How do you write $ {{64}^{\dfrac{1}{3}}} $ in radical form?

Answer 1

Hint: We will see the definition of exponents. We will see the case where an exponent is a fraction. We will look at the definition of a radical and an example of a radical. We will use this definition to convert the given number with its exponent into its radical form. We will be able to simplify the radical obtained by factorizing it.

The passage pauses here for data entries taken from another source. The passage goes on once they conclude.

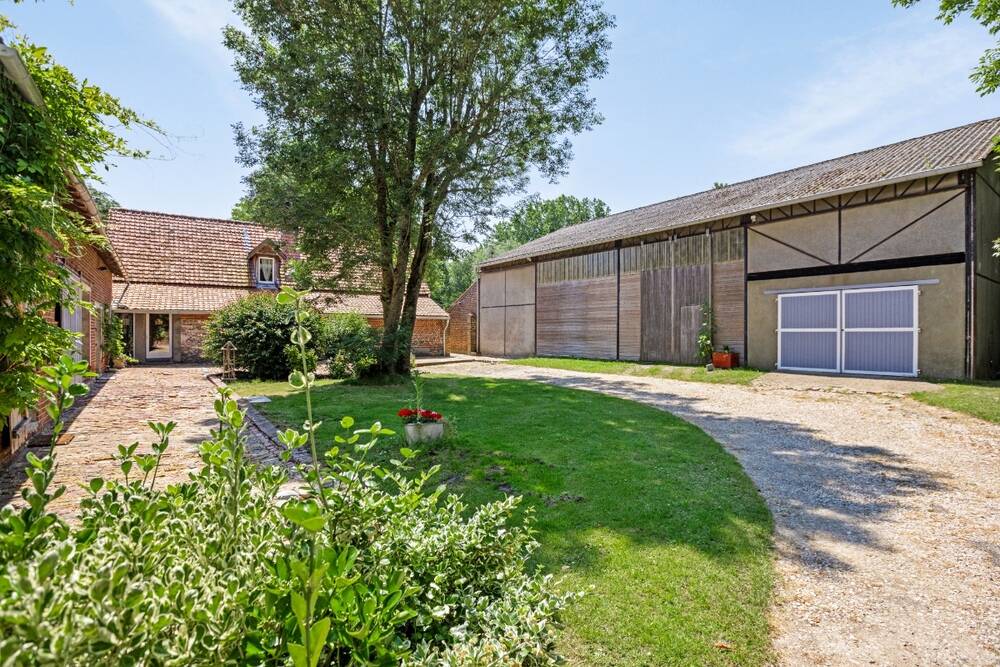 Handelszaak te  koop in De Moeren 8630 515000.00€ 3 slaapkamers 375.00m² - Zoekertje 189590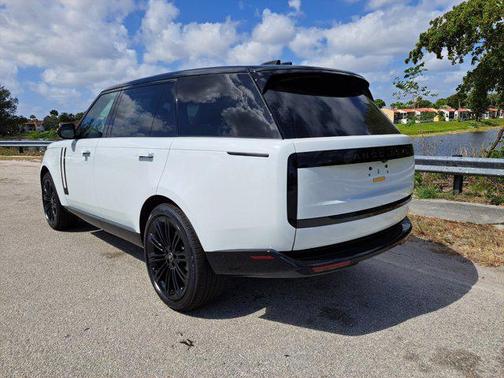 2025 Land Rover Range Rover P400 SE 7 Seat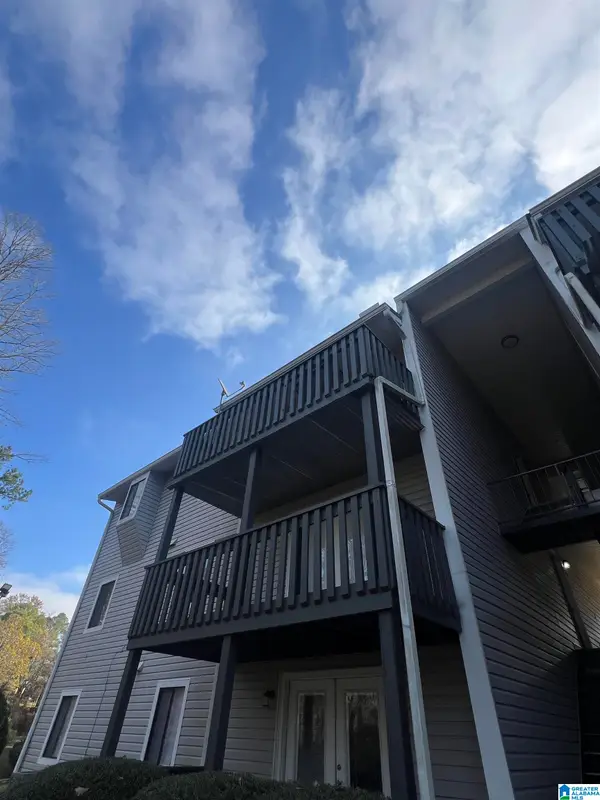 407 WOODLAND VILLAGE, Homewood, AL 35216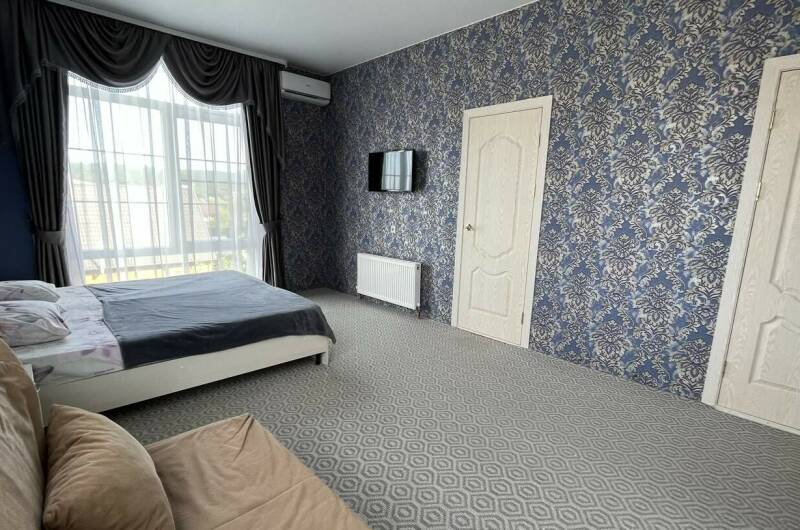 Апартаменты на 4-х человек с собственным двориком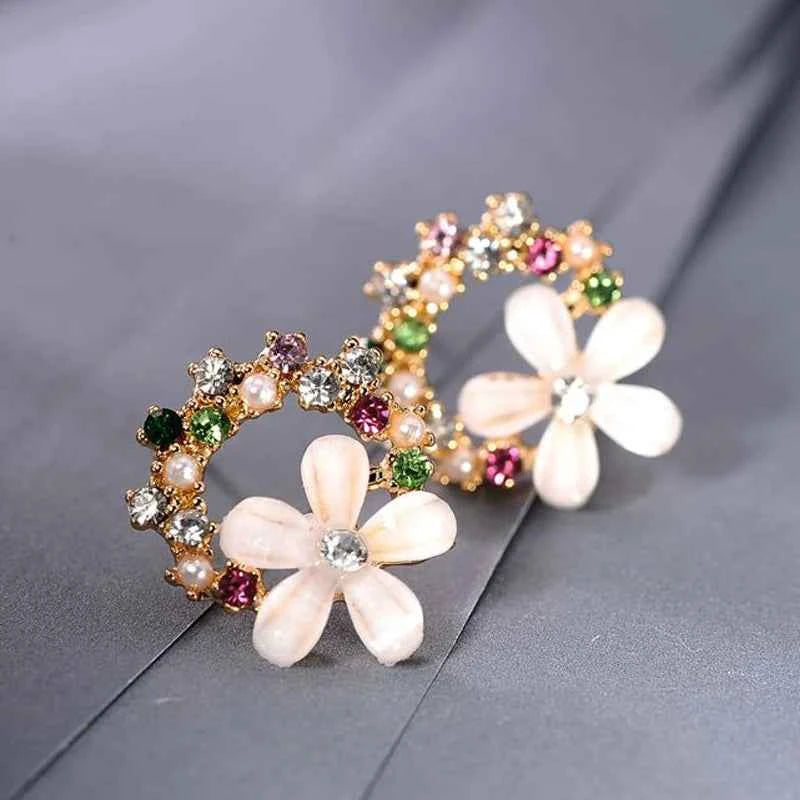 New Korean Hollow Wreath Flower Earrings For Women Crystal Zircon Sweet Bee Butterfly Stud Earring Girl Wedding Party Jewelry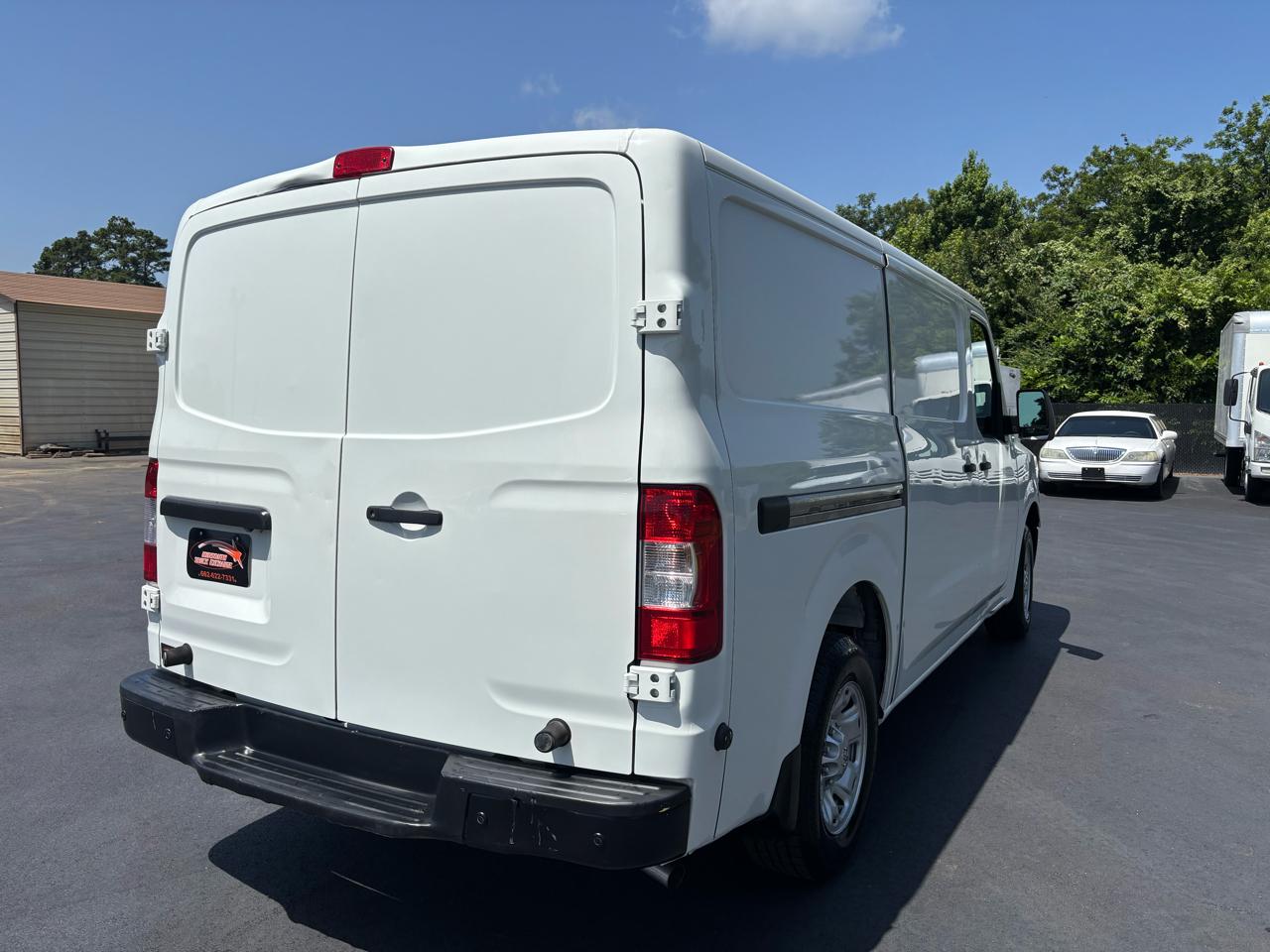Nissan NV Cargo NV2500 HD Standard Roof V6 SV 2020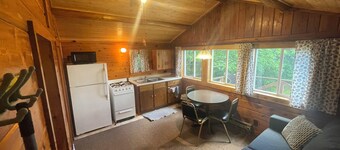 Cabin 3 'Kingfisher' 1 BR, 2 pp, overlooks lake, access to boats!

Complete step by step answer:
The exponent is defined as the power to which a given number or expression is to be raised. So, in the expression $ {{a}^{b}} $ , the exponent is $ b $ and the base is $ a $ . Now, if the exponent is a fraction, then we get a root of the base. This root corresponds to the denominator of the fraction. So, if we have $ {{a}^{\dfrac{1}{b}}} $ , then we are looking for the $ {{b}^{th}} $ root of $ a $ . A radical is defined to be the symbol that represents this number with a fraction as an exponent. The symbol is $ \sqrt[b]{a} $ which denotes the $ {{b}^{th}} $ root of $ a $ . That means we have $ {{a}^{\dfrac{1}{b}}}=\sqrt[b]{a} $ . As an example, we can look at the cube root of 27. We know that the cube root of 27 is 3. Its radical form is $ \sqrt[3]{27} $ and its exponent form is $ {{27}^{\dfrac{1}{3}}} $ .
The given exponent form is $ {{64}^{\dfrac{1}{3}}} $ . Using the definition, we can write its radical form as $ \sqrt[3]{64} $ . We can simplify this radical form by finding the cube root of 64. We can factorize 64 as
 $ 64=4\times 4\times 4 $
Therefore, the cube root of 64 is 4. That means $ {{64}^{\dfrac{1}{4}}}=\sqrt[3]{64}=4 $ .

Note:
We should be familiar with the meaning of exponents and different rules of exponents. These rules are very useful in simplification while doing calculations. It is important to know how to calculate the square root and cube root of any given number. A factorization is an essential tool for simplifying calculations and also for finding the square roots or cube roots of numbers.